Uitgeblust ? “Als er Europees voetbal is, ga ik niet slapen voor twee uur ’s nachts. La téle belge, la hollandaise enzovoort. Mijn ogen zijn nog goed, ik lees de gazet zonder bril. Mijn problemen, dat zijn mijn darmen. De buizen. De specialist in Erasmus heeft het me gezegd. Soms, als ik op mijn rechterzij lig, voel ik een steek. Hij zegt : Monsieur Goethals, sober blijven drinken en eten, ik opereer u niet. Ik ben zeven kilo vermagerd en ik rook nog altijd, maar attentie, ik trek de rook niet binnen, hein. Toen ik 79 was heb ik voor het eerst een docteur gezien. Omdat Guy, mijn zoon, zo insisteerde, want anders… Bij Marseille liepen vier docteurs rond. Die hebben me met geen vinger aangeraakt.

Guy Thys, die heeft me niets gezegd over zijn ziekte. Tien dagen voor zijn dood hebben we nog met elkaar gebabbeld op de Pro Licence. Op België – Kroatië zeiden ze me dat hij gestorven was. Pancreas. Als ik moet vertrekken, hoop ik ook dat het vlug gepasseerd zal zijn. En zonder pijn. Ik woon op de boulevard Mettewie. Van in mijn appartement kan ik het kerkhof van Molenbeek zien. Ze hebben me maar van het balkon te laten zakken, hahaha. Ik heb tegen Guy gezegd dat ik een mis in de basiliek van Koekelberg wil. Dan is de cirkel rond. Als kind heb ik nog jaren gespeeld op dat plateau daar, van de basiliek was er toen nog geen sprake.”

Nog altijd bijzonder gesolliciteerd. ” Mais je frein.” Hij heeft een kroniek in Het Laatste Nieuws, is – om het met een modewoord te formuleren – consultant bij RTBf en VRT. Geregeld komt er een Franse journalist op bezoek : “Ge pakt de TGV tot Bruxelles-Midi en dan een taxi naar de Heizel. In de Pétanque Club zitten we op ons gemak en ik speel er graag belote.”

Waarvoor we gekomen zijn, wil hij weten.

– “Voor uw verhaal. Als speler en als trainer.”

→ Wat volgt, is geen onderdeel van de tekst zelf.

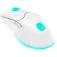 Speedlink Mouse wireless SL-680102-WT
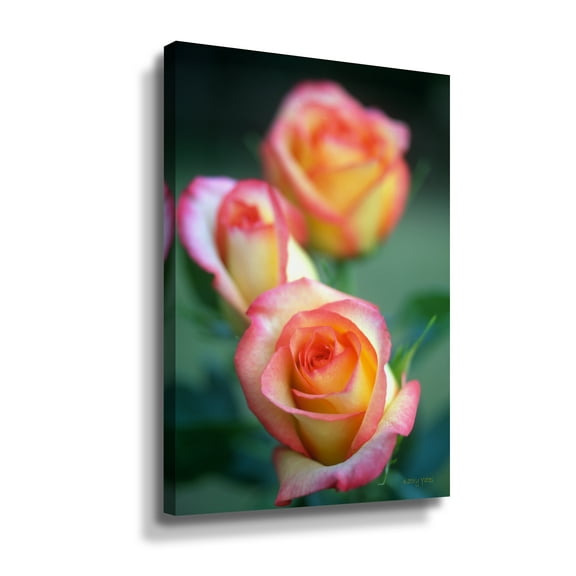 ArtWall Kathy Yates Rose Trio Wall Art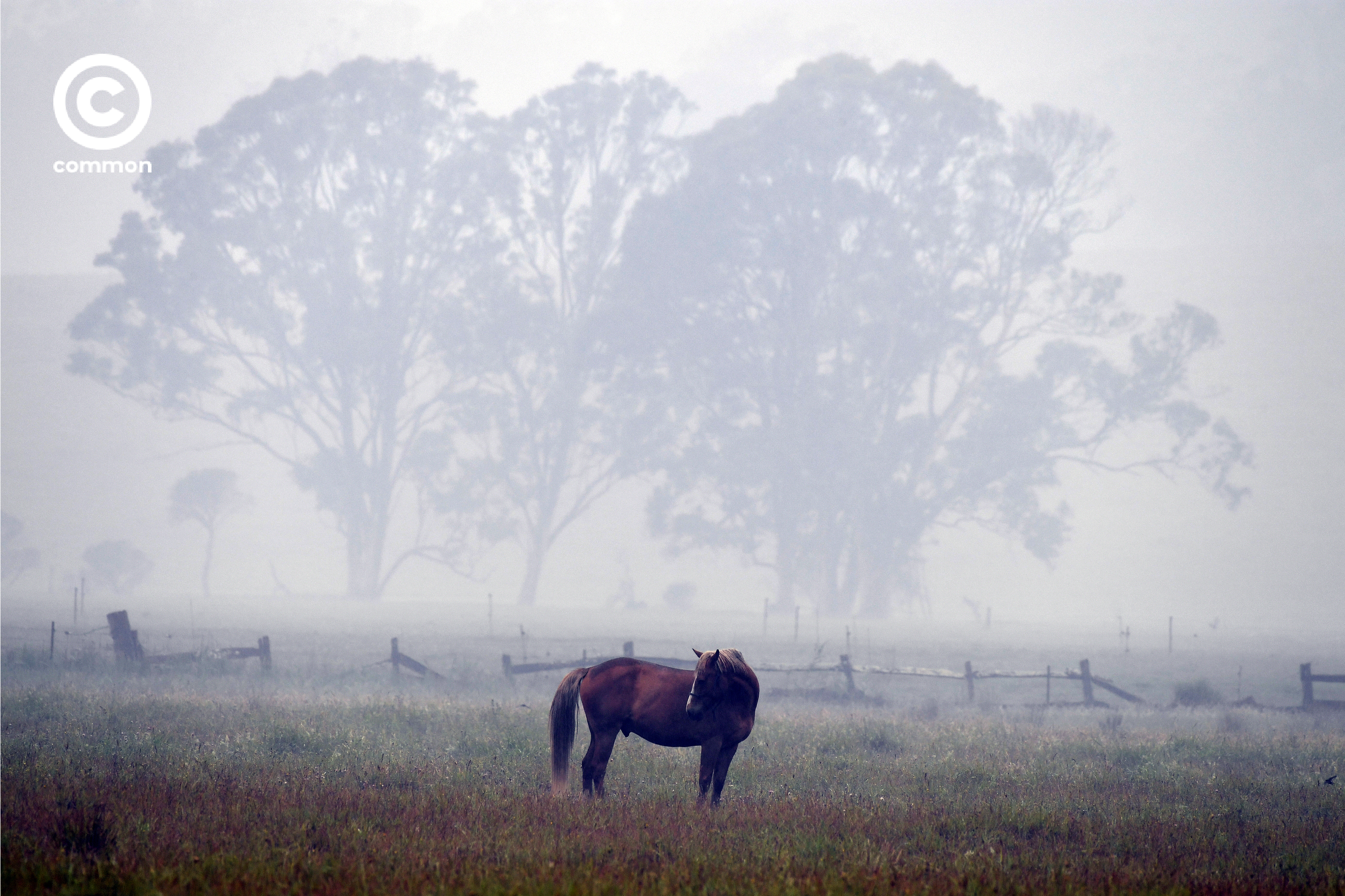 ิีbushfire australia 
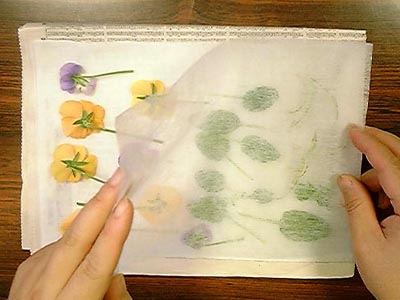 沢山の押し花を本格的に作る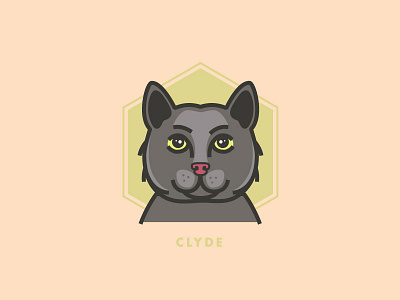 Clyde the cat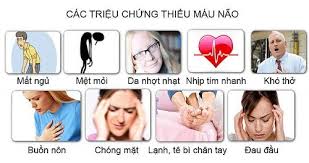 bài thuốc dân gian chữa thiếu máu não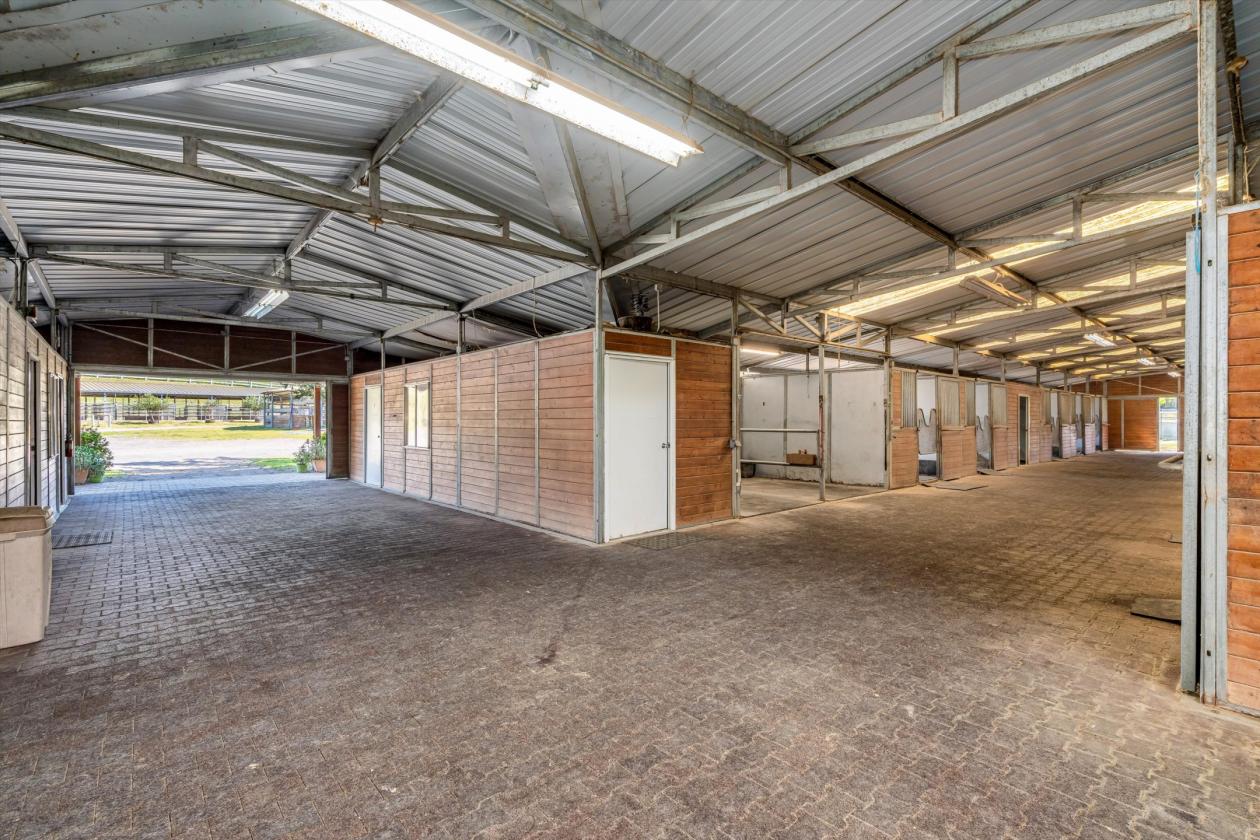 Where World-Class Pinot Meets Premier Equestrian - photo 16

– ” Joueur ? Dat is lang geleden, hein.”

We duiken in zijn jeugd. We hebben hem zien spelen. Bij Daring en bij Racing. Voor en na de oorlog. Raymond Goethals werd op 7 oktober 1921 geboren in Vorst. Verhuisde vlug naar Molenbeek. Op twaalfjarige leeftijd sloot hij zich aan bij Daring CB. Zijn eerst fiets begon hij vijf jaar later te verslijten.

“Als junior trainde ik onder Jack Butler, een Engelsman die Daring volgens het WM-systeem liet spelen. Dat was toen een tactische revolutie in ons voetbal. Malheureusement, mijn eerste selectie voor de noyeau A viel samen met de oorlogsverklaring. Met het Belgisch leger kwam ik in het zuiden van Frankrijk terecht.”

Na zijn terugkeer toonde hij zich niet te veel, hij wou vermijden dat hij om te gaan werken naar Duitsland zou worden gestuurd. Af en toe werd hij opgeroepen voor de A-ploeg. In 1942 was hij soms ploegmaat van Guy Thys, die van Beerschot was getransfereerd. Zijn echte kans kreeg hij na de bevrijding, hij speelde toen samen met de anciens Van Ingelghem, Buyle, Mondelé en nieuwkomers als Bob Van Kerkhoven. Met de Witte Speeckaert was hij kandidaat voor de opvolging van de beroemde Nolle Badjou. Hij was invaller van Rie Meert voor de wedstrijd van België tegen de militaire selectie van Groot-Brittannië op het veld van Union. “Attentie, ik heb de fameuze Matthews en Swift bezig gezien, hein.”

Op 28-jarige leeftijd lag Goethals bij Racing Brussel – toen in de ere-afdeling, de huidige eerste klasse – in concurrentie met Loeckx, in een ploeg waarin de internationals Bijou Voussure en Tuur Ceuleers rondliepen. In 1952/53 werd hij met Assa Ronse kampioen in eerste provinciale. Het volgende seizoen was hij speler-trainer bij FC Hannuit. Het jaar daarop ging hij in op een advertentie in Sportleven en werd trainer bij Borgworm, in bevordering.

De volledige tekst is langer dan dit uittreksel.